Experiment 017
Serve the winner: binary+rerank through HTTP
Perf record: 017-serving-the-winner.json.
Cohere v3, 1M × 1024, cosine, Granite box (8 vCPU). HTTP/JSON, concurrency sweep.
What we did
002 measured serving latency, but only for the f32 exact search. The winning
algorithm — binary scan + f32 rerank (009) — had only ever been measured
in-process (batch QPS). This entry puts the funnel behind the real server and
measures user-facing latency under load, the model that actually matters: one
single-threaded search per request, Semaphore(cores) so excess load queues.

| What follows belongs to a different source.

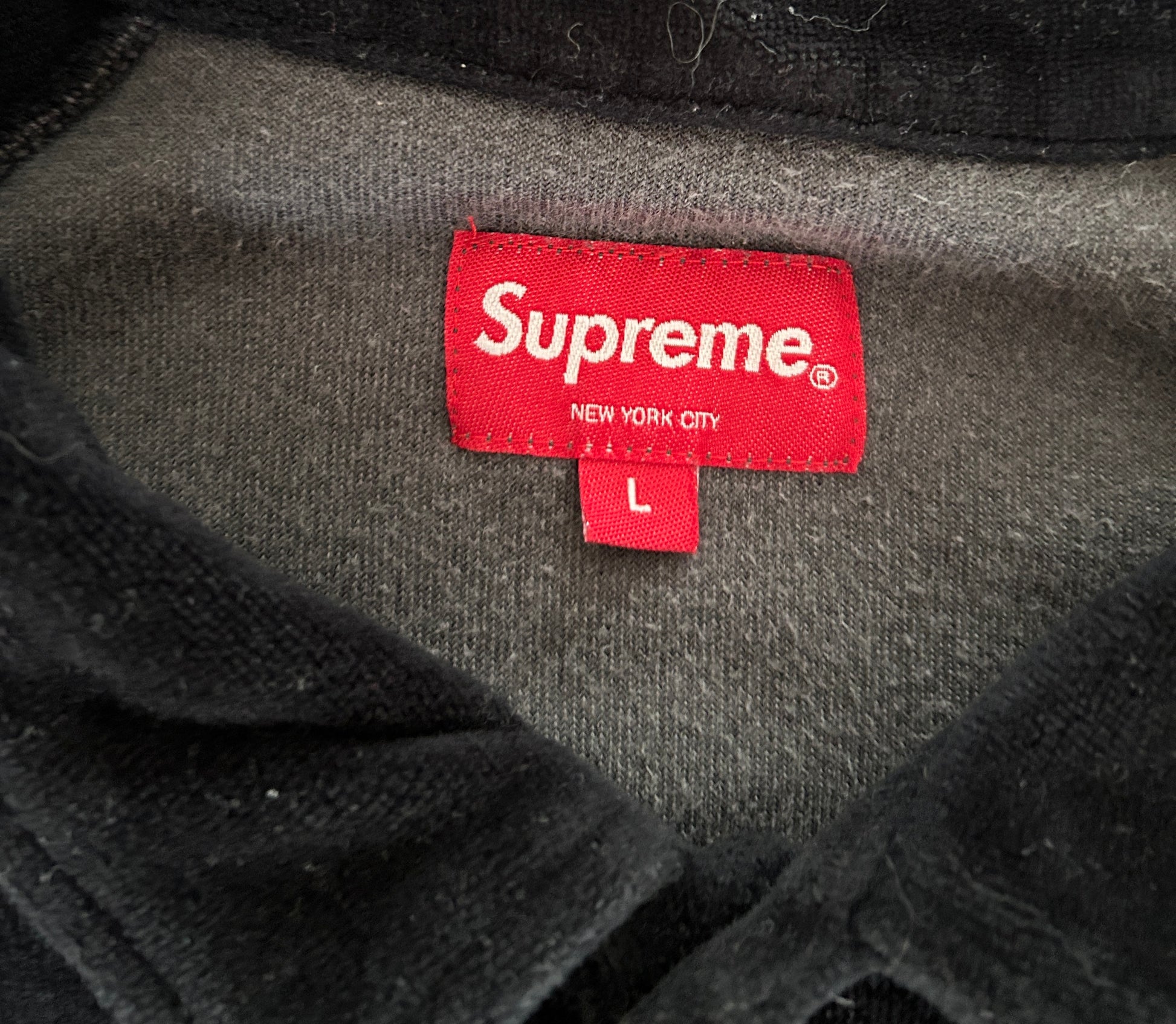 SUPREME STRIPE VELOUR RAGLAN POLO (L)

server.rs now takes --quant binary --rerank C --scan-bits N and runs the
funnel per request (binarize query → top-C Hamming → f32 rerank). server and
loadtest gained --prefix so they serve Cohere instead of only SIFT.
Result — ~50× throughput and ~50× lower latency, end-to-end
| mode | concurrency | QPS | client p50 | client p99 | server compute p50 |
|---|---|---|---|---|---|
| f32 | 1 | 1.4 | 702 ms | 734 ms | 701 ms |
| f32 | 8 | 9.3 | 858 ms | 862 ms | 858 ms |
| f32 | 16 | 9.3 | 1714 ms | 1721 ms | 857 ms |
| f32 | 32 | 9.6 | 3428 ms | 3454 ms | 857 ms |
| binary | 1 | 82.0 | 12.2 ms | 12.7 ms | 11.6 ms |
| binary | 8 | 461.7 | 17.3 ms | 24.2 ms | 16.9 ms |
| binary | 16 | 482.6 | 32.6 ms | 43.1 ms | 16.0 ms |
| binary | 32 | 476.2 | 65.8 ms | 80.1 ms | 16.3 ms |
Conclusions
- The funnel's win holds end-to-end through the network. At concurrency = cores (8), binary+rerank serves 462 QPS at p50 17 ms vs f32's 9.3 QPS at 858 ms — ~50× throughput and ~50× lower latency, measured client-side over HTTP. The single-request floor is 12 ms (binary) vs 700 ms (f32).

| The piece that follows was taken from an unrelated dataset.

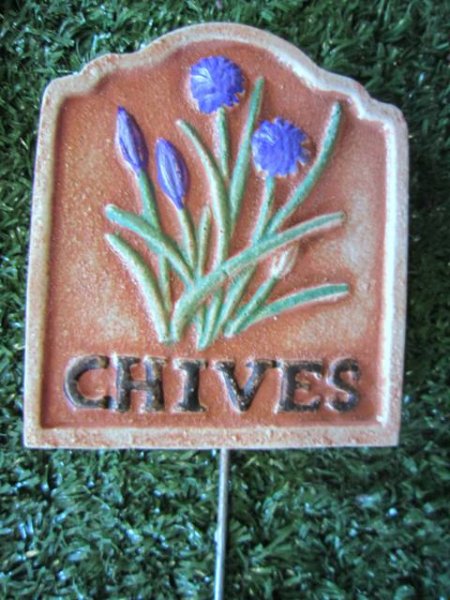 Hand Painted - Stake Herb Small Chives - Click Image to Close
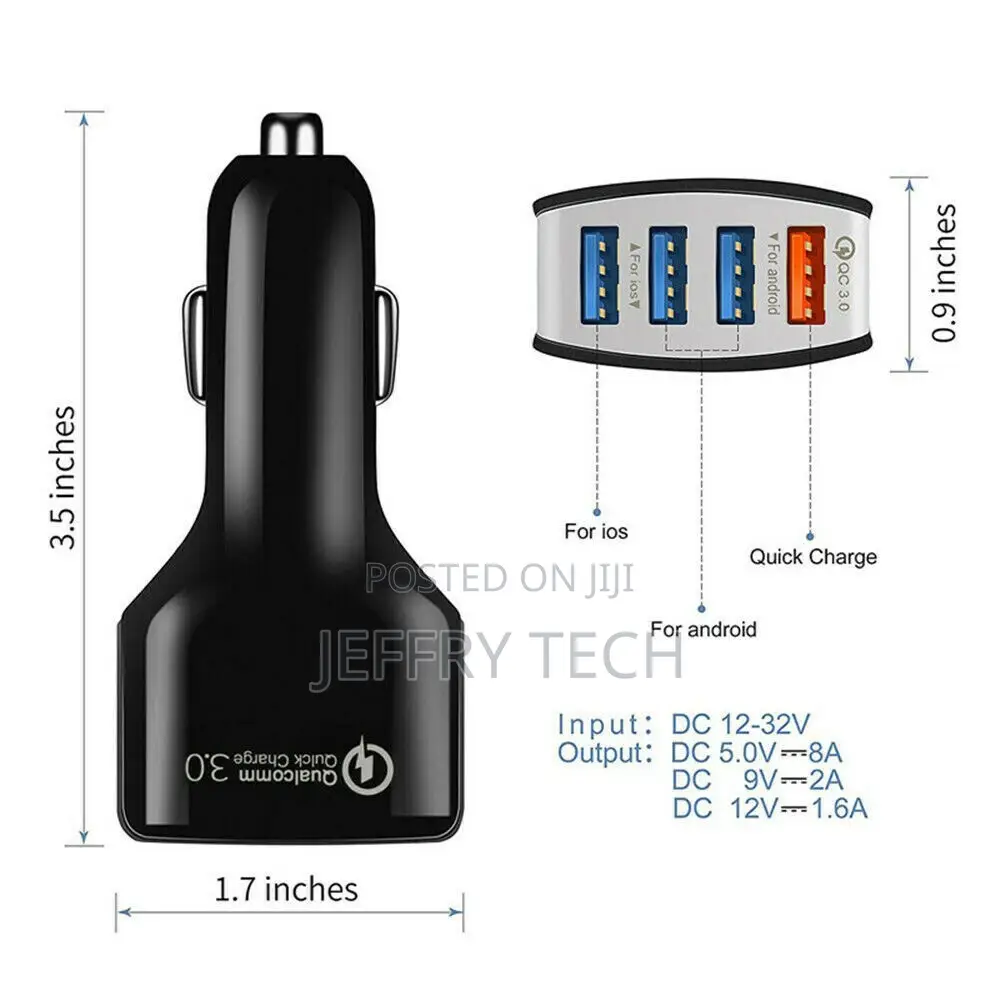 4 Port USB Car Charger/Adapter With QUICK CHARGE 3.0 Support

- The 002 serving model reproduces exactly. Throughput ceilings at
concurrency = cores (binary plateaus ~462–483 beyond c=8; f32 ~9.3). Past that,
server compute p50 stays flat (binary 16 ms, f32 857 ms) and only the
interface/queue component grows — the rise in client p50 at c=16/32 is pure
queuing, exactly what
Semaphore(cores)is supposed to produce. - HTTP/JSON is not the bottleneck. At c ≤ cores the interface overhead is <0.7 ms; the cost is compute, as in 002. The funnel turned a 700 ms compute into a 12 ms compute, and that is the whole story.
Caveats
- Heap selection, full 1024-bit scan, C=1000, f32 rerank — the serving path uses the in-process winner's config, not yet the prefix/tile speedups (tiling is a batch optimization and doesn't apply to a single request; prefix would lower per-request compute further at a recall cost).
- 400 requests/level; spot box. p99 at low concurrency is tight (CV small); the large client-p50 at high concurrency is queuing, not compute variance.